Independent economists Kyiv Post spoke with agree that lawmakers pick the low-hanging fruit – but they challenged part of the NBU’s case.

Ukraine’s banks are indeed a fat cat compared to Europe’s. 

ROE remained above 20% – estimated at 25.2% in 2024, 29.9% in 2025, and 21.7% in the first four months of 2026, according to Oleksandr Parashchiy, Head of the Analytical Department at Concorde Capital, who shared the estimates with Kyiv Post. 

The EU average in 2024 was 9.4%. Even Romania’s 21.9%, being the highest in the bloc, trailed Ukraine’s figures.

(Source: Graph by Olena Hrazhdan based on Concorde Capital’s Head of the analytical department Oleksandr Parashchiy’s estimates) 

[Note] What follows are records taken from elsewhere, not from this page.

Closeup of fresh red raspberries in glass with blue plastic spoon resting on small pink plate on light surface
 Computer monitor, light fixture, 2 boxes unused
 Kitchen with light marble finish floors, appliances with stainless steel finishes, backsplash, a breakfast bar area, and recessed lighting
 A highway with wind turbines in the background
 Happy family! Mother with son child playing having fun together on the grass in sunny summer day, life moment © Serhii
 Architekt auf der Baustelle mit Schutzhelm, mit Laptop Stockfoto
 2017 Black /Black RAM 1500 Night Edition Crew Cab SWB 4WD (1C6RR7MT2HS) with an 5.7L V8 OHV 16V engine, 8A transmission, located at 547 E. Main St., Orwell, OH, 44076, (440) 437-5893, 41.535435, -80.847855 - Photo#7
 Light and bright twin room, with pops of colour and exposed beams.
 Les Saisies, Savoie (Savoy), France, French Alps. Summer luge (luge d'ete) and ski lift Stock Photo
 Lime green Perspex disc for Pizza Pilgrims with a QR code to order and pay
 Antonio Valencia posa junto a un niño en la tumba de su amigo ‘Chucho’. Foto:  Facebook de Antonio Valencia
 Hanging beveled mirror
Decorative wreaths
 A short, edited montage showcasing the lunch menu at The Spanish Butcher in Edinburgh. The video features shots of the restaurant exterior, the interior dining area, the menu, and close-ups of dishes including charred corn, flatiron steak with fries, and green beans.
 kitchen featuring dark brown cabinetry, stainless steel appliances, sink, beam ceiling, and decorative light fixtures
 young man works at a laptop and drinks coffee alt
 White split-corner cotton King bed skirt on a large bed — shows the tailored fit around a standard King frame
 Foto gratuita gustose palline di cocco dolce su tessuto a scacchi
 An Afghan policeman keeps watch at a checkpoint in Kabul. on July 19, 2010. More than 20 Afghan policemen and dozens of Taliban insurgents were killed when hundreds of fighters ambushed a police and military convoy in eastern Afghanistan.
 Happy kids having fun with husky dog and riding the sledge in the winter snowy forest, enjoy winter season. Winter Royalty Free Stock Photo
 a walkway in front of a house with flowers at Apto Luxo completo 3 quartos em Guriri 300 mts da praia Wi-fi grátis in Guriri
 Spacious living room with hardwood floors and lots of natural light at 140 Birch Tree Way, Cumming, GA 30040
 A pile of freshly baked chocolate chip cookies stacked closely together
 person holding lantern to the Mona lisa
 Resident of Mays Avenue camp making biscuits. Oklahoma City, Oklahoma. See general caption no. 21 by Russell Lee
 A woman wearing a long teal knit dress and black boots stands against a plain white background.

The NBU warns the tax scares investors, but war and political risks are what actually deter them, Parashchiy said. 

Despite these challenges, two foreign investors entered Ukraine’s banking sector: Estonian fintech group Iute Group bought a bridge bank created from the failed RWS Bank in January, and Polish fintech Zen bought PIN Bank in April, This was done not by their own technologies but by those already built inside Ukraine’s banking system, according to Nikolaichuk.

“Given the banking system’s current capital levels, they could easily issue an additional Hr.300-400 billion ($6.7-$8.9 billion) in loans today,” Parashchiy said. 

Banks lend less than they could because of war-related risks, a shortage of quality borrowers, high hryvnia borrowing costs, and the weakened financial position of companies drained by the war. 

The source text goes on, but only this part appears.